The paper tackled the problem of autonomous long-term navigation for underwater gliders by formulating it as a stochastic shortest-path Markov Decision Process and proposing a sample-based online planner using Monte Carlo Tree Search, validated in field deployments totaling 3 months and 1000 km, showing improved efficiency over straight-to-goal navigation.

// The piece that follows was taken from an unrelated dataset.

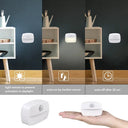 LED Night Light - Auto Motion Cabinet Sensor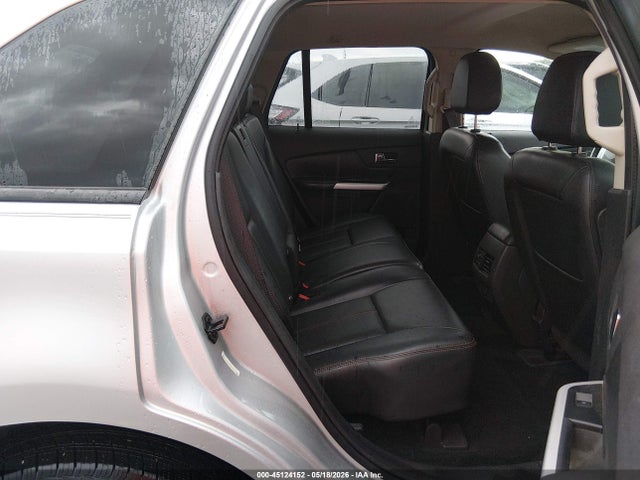 Продажа на аукционе авто 2013 Ford Edge Sel, vin: 2FMDK3JC7DBA35754, номер лота: 45124152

Underwater glider robots have become an indispensable tool for ocean sampling. Although stakeholders are calling for tools to manage increasingly large fleets of gliders, successful autonomous long-term deployments have thus far been scarce, which hints at a lack of suitable methodologies and systems. In this work, we formulate glider navigation planning as a stochastic shortest-path Markov Decision Process and propose a sample-based online planner based on Monte Carlo Tree Search. Samples are generated by a physics-informed simulator that captures uncertain execution of controls and ocean current forecasts while remaining computationally tractable. The simulator parameters are fitted using historical glider data. We integrate these methods into an autonomous command-and-control system for Slocum gliders that enables closed-loop replanning at each surfacing. The resulting system was validated in two field deployments in the North Sea totalling approximately 3 months and 1000 km of autonomous operation. Results demonstrate improved efficiency compared to straight-to-goal navigation and show the practicality of sample-based planning for long-term marine autonomy.